We’re all prone to thinking that folk who don’t see things as we do, or act as we consider rational, are part of some perverse or ignorant out-group. And it’s even more tempting to do so if some of those folk are actively hostile to the change we think essential. However, with the odd dishonourable exception, that doesn’t make them bad people; and it’s certainly counter-productive to treat them as such.

The simple fact is that it’s entirely possible for someone to have genuine tears in their eyes when David Attenborough shows them a planet nearing catastrophe and yet also to curse the Council for that new cycle lane that seems to make their car journey slower.
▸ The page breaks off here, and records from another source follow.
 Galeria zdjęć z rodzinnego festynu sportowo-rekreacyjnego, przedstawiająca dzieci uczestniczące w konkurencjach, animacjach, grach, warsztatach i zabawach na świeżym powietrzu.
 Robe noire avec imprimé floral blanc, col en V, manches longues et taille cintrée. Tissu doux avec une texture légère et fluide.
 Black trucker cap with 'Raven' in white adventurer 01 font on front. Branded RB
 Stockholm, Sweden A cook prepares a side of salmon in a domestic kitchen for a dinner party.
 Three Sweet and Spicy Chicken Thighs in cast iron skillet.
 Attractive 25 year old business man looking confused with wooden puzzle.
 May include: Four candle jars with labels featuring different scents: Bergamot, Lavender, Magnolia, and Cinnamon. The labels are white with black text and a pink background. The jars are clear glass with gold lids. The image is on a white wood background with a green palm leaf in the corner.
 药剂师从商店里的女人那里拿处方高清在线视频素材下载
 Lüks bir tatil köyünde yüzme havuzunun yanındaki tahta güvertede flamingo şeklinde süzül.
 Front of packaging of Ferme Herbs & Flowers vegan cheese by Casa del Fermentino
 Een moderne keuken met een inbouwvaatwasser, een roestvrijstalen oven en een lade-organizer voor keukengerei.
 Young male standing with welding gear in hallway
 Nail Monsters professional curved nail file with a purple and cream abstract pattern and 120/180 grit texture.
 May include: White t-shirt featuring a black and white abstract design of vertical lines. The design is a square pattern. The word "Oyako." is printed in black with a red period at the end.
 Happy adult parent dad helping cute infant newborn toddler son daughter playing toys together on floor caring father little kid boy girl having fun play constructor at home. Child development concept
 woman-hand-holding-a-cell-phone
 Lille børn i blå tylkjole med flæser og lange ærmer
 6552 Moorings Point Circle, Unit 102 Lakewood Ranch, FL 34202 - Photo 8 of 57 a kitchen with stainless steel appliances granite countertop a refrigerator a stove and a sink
It’s also possible to feel existential fear while failing to see one’s own role in helping to assuage that fear. And a person can speak with real passion on behalf of those who live on a busy road and suffer from pollution while also being a regular driver along that road. 

We expect people to join the dots, but often they don’t. And the key thing we overlook in this regard, the main hurdle I alluded to earlier, is that when we’re talking about changing travel behaviours, what we’re really talking about is changing how people live. 

When, as practitioners, we acknowledge this – as we should and must if we’re to make enough of a difference soon enough – the need for fresh approaches becomes clear. To the extent that we stand at a tipping point in human history, it’s obvious that appeals, prompts, nudges, and even enabling will no longer suffice. However, it’s not that we have to throw away the tools for change we’ve used to date; it’s that we have to use others as well. It’s now time, for example, to wield some of those sticks we’ve always left in the box when taking the carrots out (did anyone say ‘road user charging’?). 

But just as important is another tool, one that we’ve likely never thought to employ – emotional intelligence. This is essential if we’re to craft an unambiguous yet persuasive narrative that helps bring with us, however grudgingly, all those for whom jumping into their car for short trips has simply been their way of life for years.

We’re asking people who consider themselves essentially decent and reasonable to accept that how they have been living is not how they can continue to live. Failure to recognise and respond wisely to that fact will mean failure indeed.

(Talking of changing how one lives, I finish this piece on a note of sadness, yet also of gratitude. Because Andrew Forster, LTT’s editor since way before I started writing this stuff – 15 years ago – is finally hanging up whatever editors edit with. He has kept this publication at the top of its game throughout, and been a real pleasure to work for and with. I hope you will join me in wishing him very well in whatever follows, like getting some sleep!)  

John Dales is a streets design adviser to local authorities around the UK, a member of several design review panels, and one the London Mayor’s Design Advocates. He’s a past chair of the Transport Planning Society, a former trustee of Living Streets, and a committee member of the Parliamentary Advisory Council for Transport Safety. He is director of transport planning and street design consultancy Urban Movement.